Ingenious idea, right? Potentially hilarious, mildly obnoxious and reeking of youthful initiative. Coming right after whiskers on kittens, confession pages would be up there on my Julie Andrews-inspired list of favourite things.
The only problem is that posts like these were the ones making the cut:
“I think her name is Taylor M—- that bitch is the fattest slut on campus”
“I’m hungry for Marton K——- That boy gets me drippin. Too bad he’s a faggot and I ain’t no fag hag.”
When the dog bites and the bee stings, my – it sure does hurt.
This college is not alone; a number of US Universities have recently come under fire for having similar student-run Facebook pages. Last month, Facebook heeded public outrage when it banned the University of Wisconsin-La Crosse’s page for publishing a photo of a lifeless girl strewn across a tiled floor, just days after a student passed away on campus.
The issues here are numerous (and obvious). Facebook has a notoriously lax policy when it comes to censoring potentially offensive material published on their site. Its Statement of Rights and Responsibilities states that content cannot “bully, intimidate, or harass any user” but previous cases indicate a willingness on Facebook’s part to classify offensive material as “controversial humour”, thereby exempting it from deletion
“What about the responsibility of the University”, you say exasperatedly? Universities may keep tally of your printer usage to the penny, but for their students’ welfare, it seems they have been turning a blind eye. This is because Universities are not directly associated with the running of these pages and are therefore reluctant to accept responsibility for their content. This is despite many pages counting a number of paid employees, alumni and official donors as subscribers. For those feeling victimised by sexist, racist or homophobic comments, where can they turn for help? Cue exasperation.
Before you stow this all away in your ‘only-in-America’ mental folder (think lacrosse, the National Rifle Association and Honey Boo Boo), I should clarify that similar things have long been happening on Aussie shores. In 2011, Triple J’s Hack program ran a story about a Facebook page based in Bunderberg, NSW titled the ‘Bundy Root Rater’ . True to its name, the page… erm published some rather graphic reports about members of that community as reviewed by their erm… partners. What’s more? Bundy isn’t the only town ‘sizing up’ their talent.
Not surprisingly, over the past few weeks it seems Australian Universities have also jumped on the Confession Page bandwagon. Hundreds of Universities across the country, including UNSW, USYD and our very own UTS have become proverbial repositories of profane, sexually-frustrated and quite frankly unhygienic, student admissions.

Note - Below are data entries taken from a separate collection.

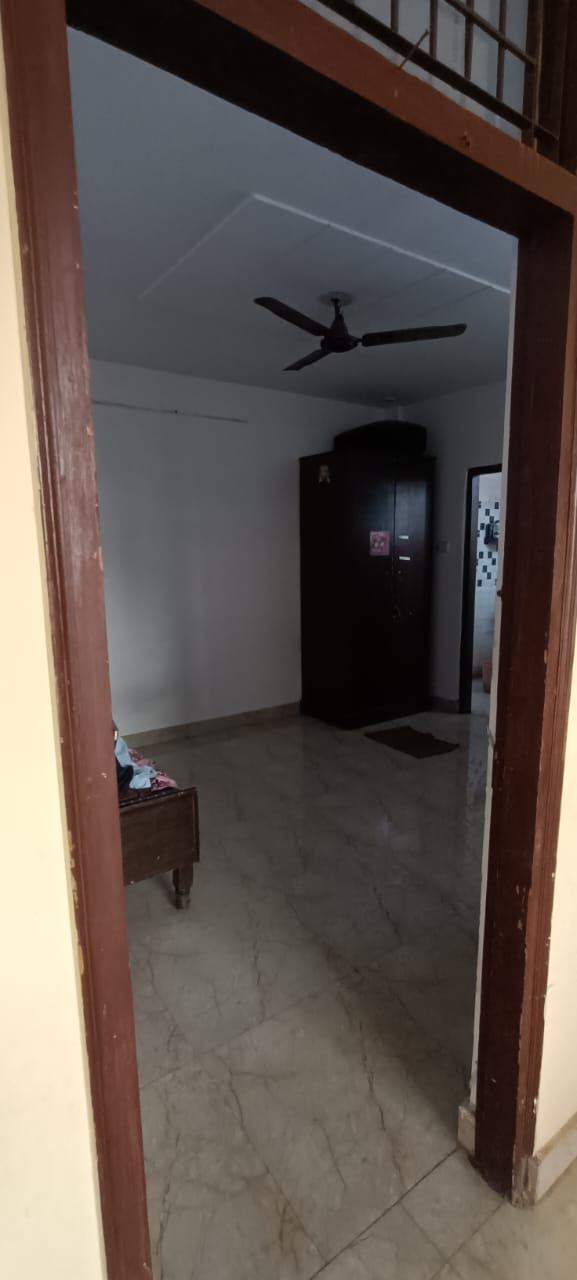 https://s3.ap-south-1.amazonaws.com/fmr.prod.media/khlsb-1690096519543-11268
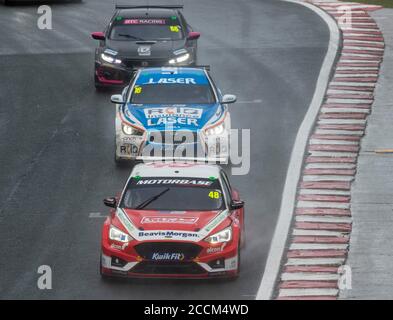 Little Budworth, Cheshire, Regno Unito. 23 agosto 2020; Oulton Park Circuit, Little Budworth, Cheshire, Inghilterra; Kwik Fit British Touring Car Championship, Oulton Park, Race Day; Un trenino da viaggio composto da Ollie Jackson Motorbase Performance alla guida di una Ford Focus ST, Senna Proctor Excelr8 Motorsport alla guida di una Hyundai i30N, Josh Cook BTC Racing alla guida di una Honda Civic Type R in gara 2 Credit: Action Plus Sports Images/Alamy Live News Foto Stock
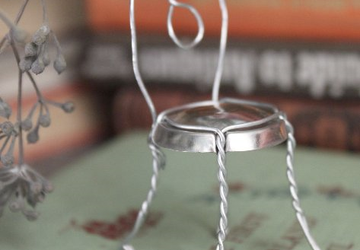 Миниатюрные стулья из проволоки от шампанского.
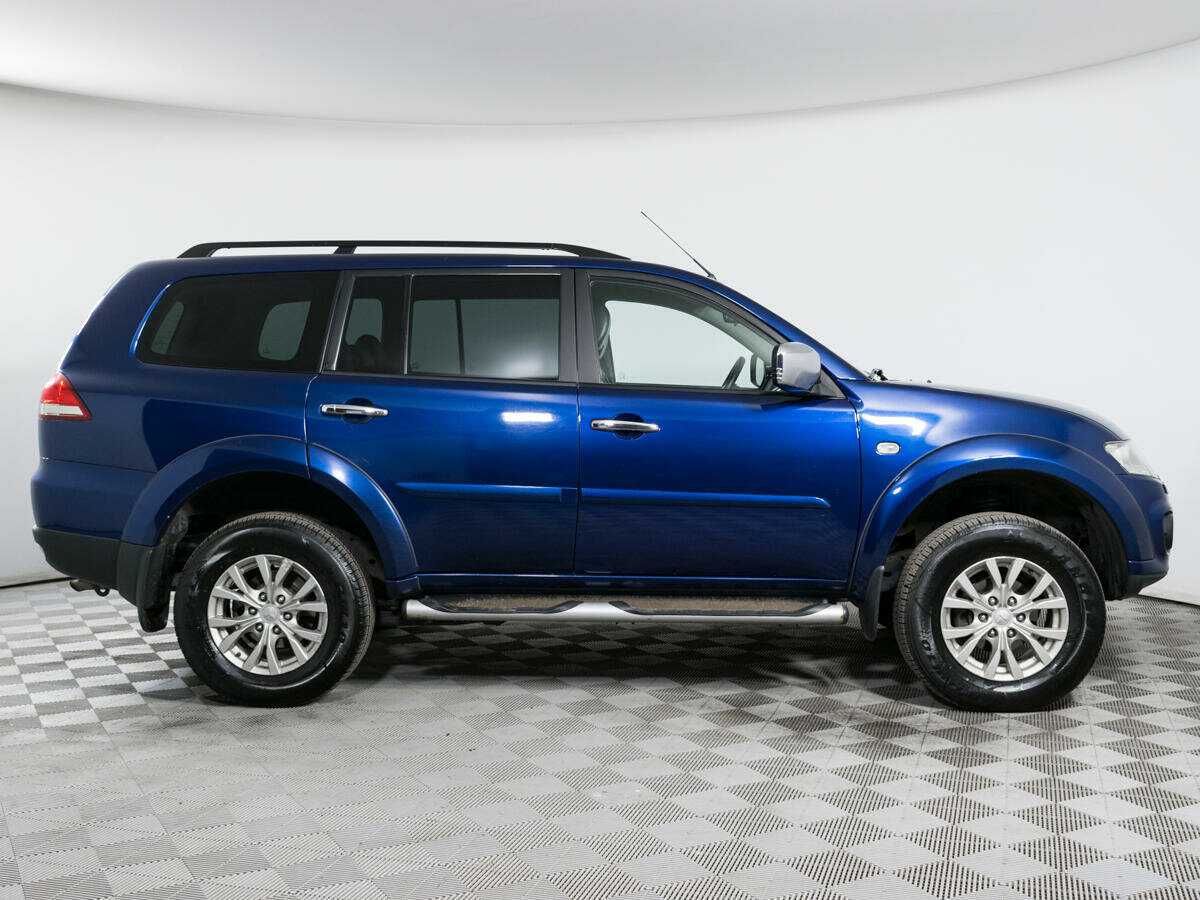 Mitsubishi Pajero Sport б/у, 2013, Автоматическая. Фото: #3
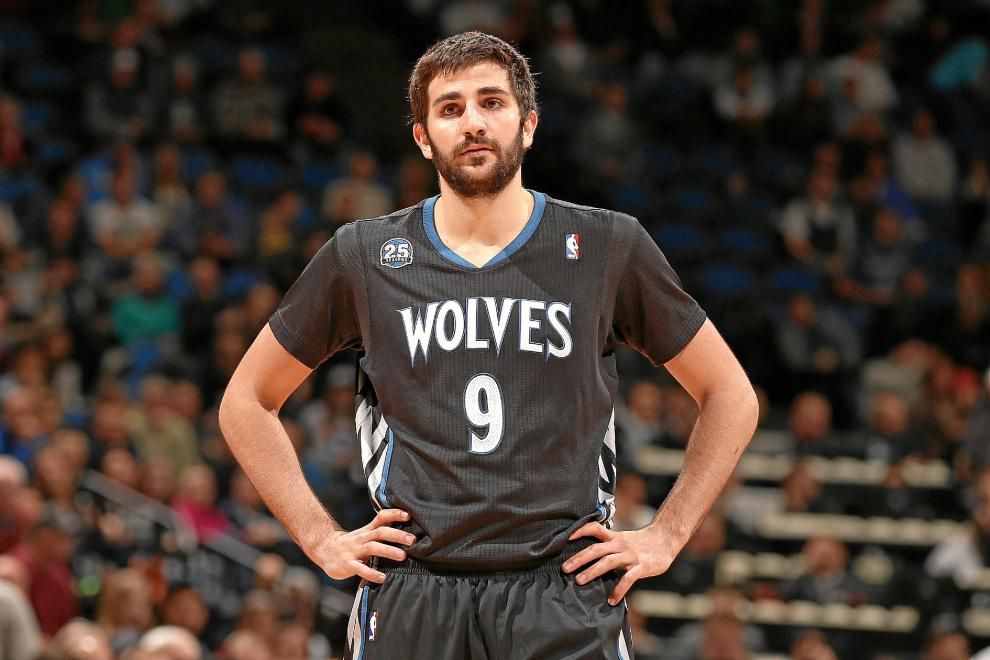 Timberwolves traspasan a Ricky Rubio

I got in touch with the administrator of UTS Confessions, which, with over 2000 Likes, is our university’s most popular Facebook confession Page. I asked Admin what s/he believes is the value in such pages and whether the concept has been unfairly judged. According to Admin, it seems that confession pages have exploded onto the student scene because they are the latest, greatest manifestation of good ol’ fashioned free speech. Admin says the anonymity of UTS Confessions allows students to uninhibitedly express their feelings, be they lighthearted musings,
“I’m glad there’s no such thing as a walk of shame at UTS… No campus, no problems”
or innermost secrets,
“Whenever I’m on my break, I go to the computer labs or library and act like I’m studying because I have no one to hangout with”
It is through UTS Confessions that Admin hopes students in 2013 will “touch on sensitive issues”, inspire “some engaging dialogue” but remain the place where we can boast about our made-up sexual exploits. Forty years ago female students burnt their bras for gender equality; today we complain that the guys in IT need to up their game and ask the girls out (THEY’RE SINGLE!).
In all, the posts on UTS Confessions suggest that we have a thoughtful, vibrant and downright kinky bunch of students. The number of offensive posts are few – “Too many Jews at UTS (Liked by 14 people) – and should be forgotten, quickly. Sure, some of you are posting things that would have your Grandma (or the Police) on your back, but isn’t that kind of swagger, what being a student at UTS is all about?
I’ll leave you with the wise words of Admin, “Our page does seem to be a lot more explicit than the other Uni’s [pages]…but we are a young and progressive Uni and on the whole so are our students.”